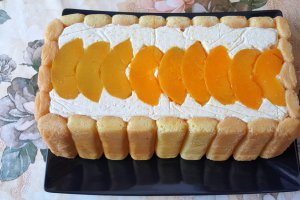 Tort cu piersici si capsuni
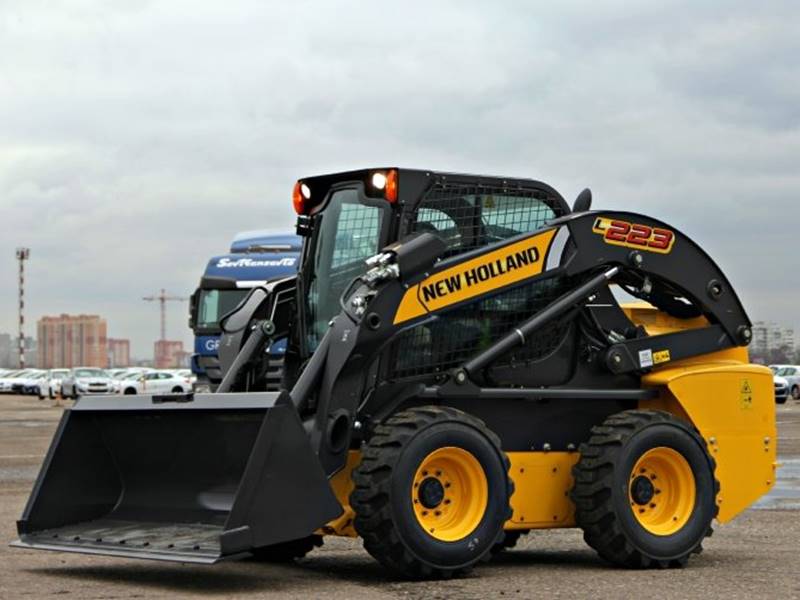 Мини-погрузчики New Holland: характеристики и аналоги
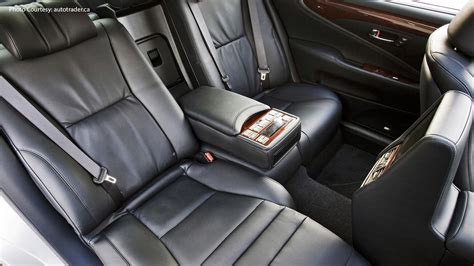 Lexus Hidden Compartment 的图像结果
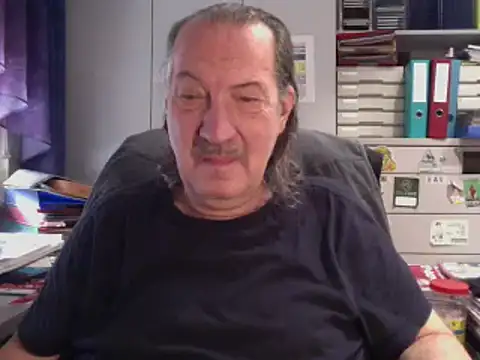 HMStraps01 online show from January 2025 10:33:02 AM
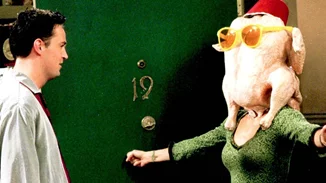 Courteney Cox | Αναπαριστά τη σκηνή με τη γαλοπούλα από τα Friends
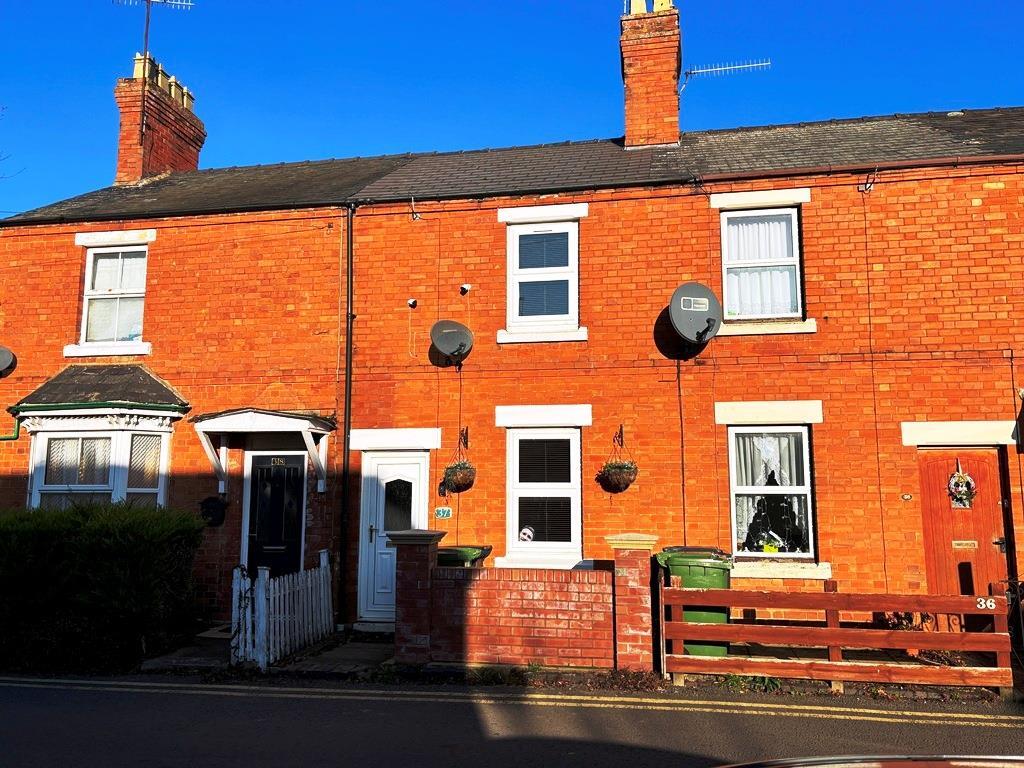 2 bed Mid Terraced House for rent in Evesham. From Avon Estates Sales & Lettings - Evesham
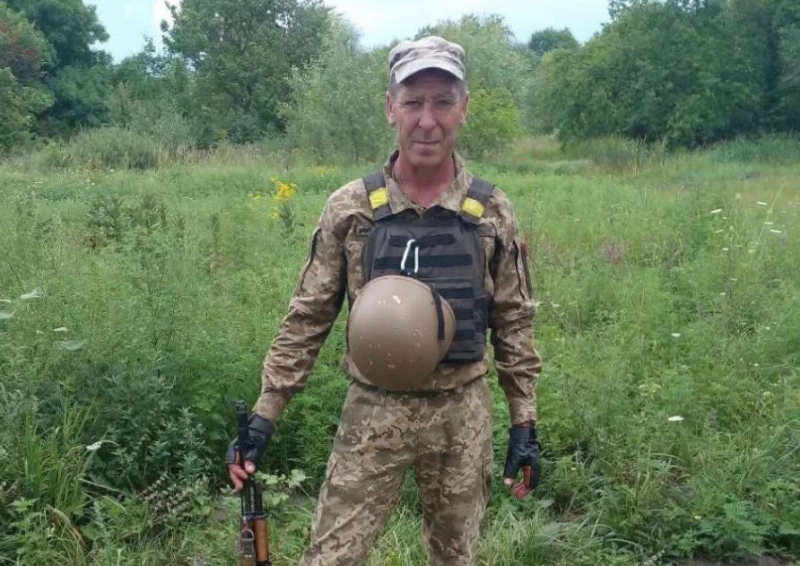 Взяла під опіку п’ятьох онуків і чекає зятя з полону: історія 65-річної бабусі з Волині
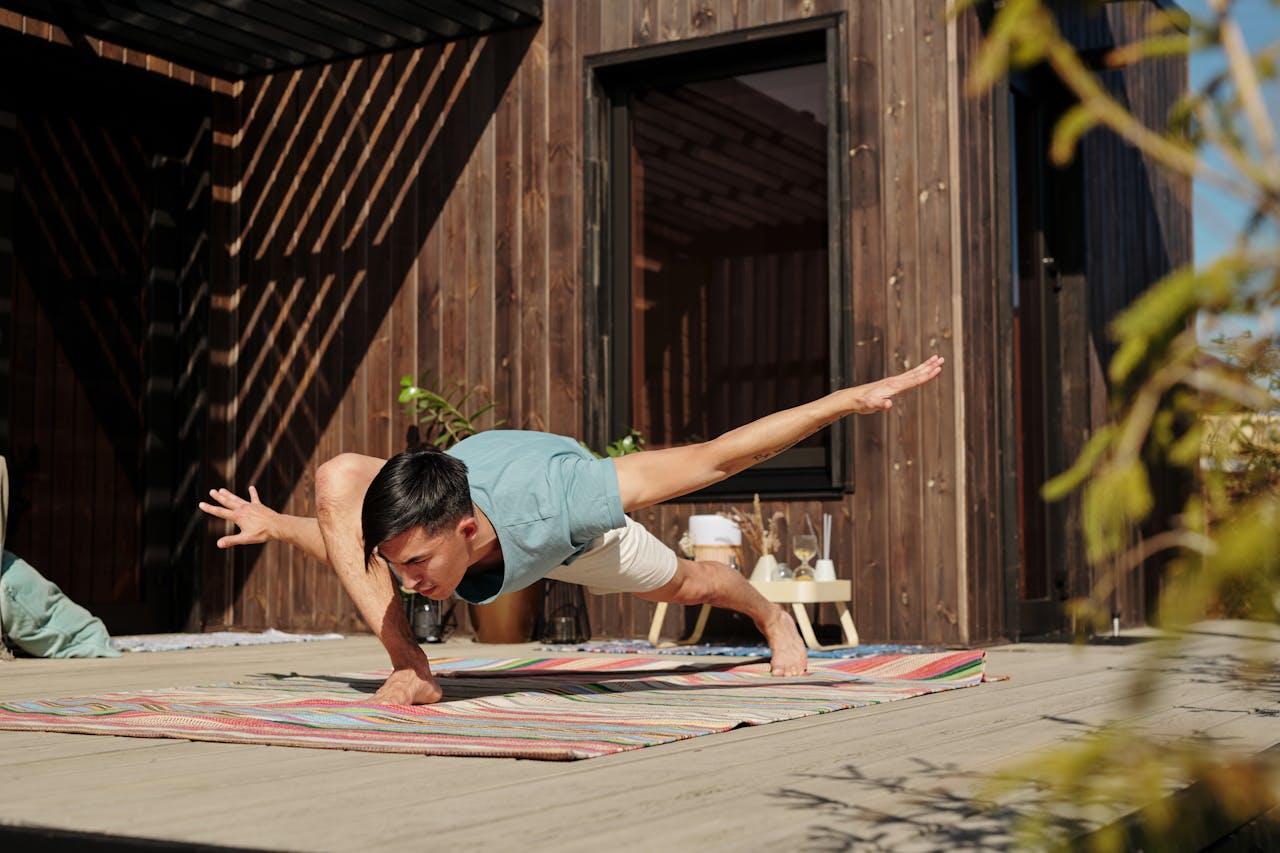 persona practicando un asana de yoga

----

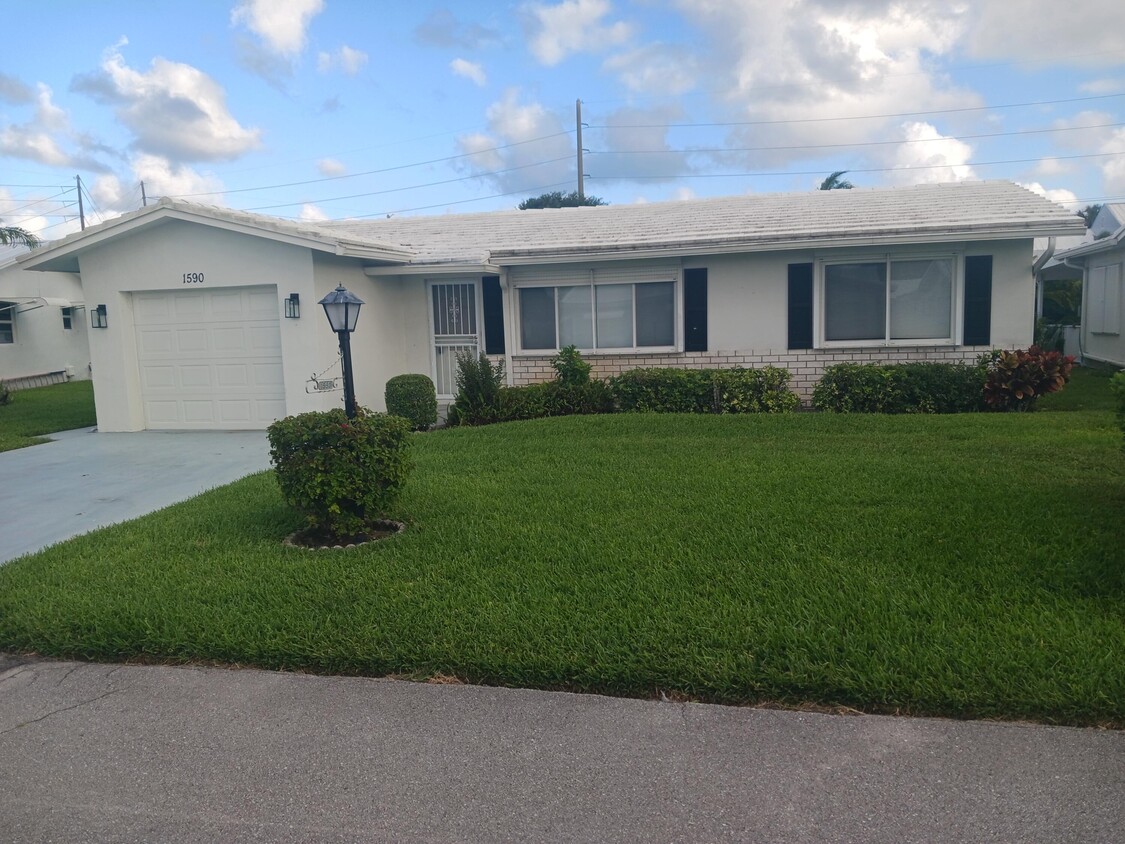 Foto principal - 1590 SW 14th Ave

----

[Description of the task] For this exercise, please set down exactly the lines of the listing above from the line with "2 bed Mid Terraced" up to and including the line with "persona practicando un asana de yoga", and no pictures.

[Task response]
 2 bed Mid Terraced House for rent in Evesham. From Avon Estates Sales & Lettings - Evesham
 Взяла під опіку п’ятьох онуків і чекає зятя з полону: історія 65-річної бабусі з Волині
 persona practicando un asana de yoga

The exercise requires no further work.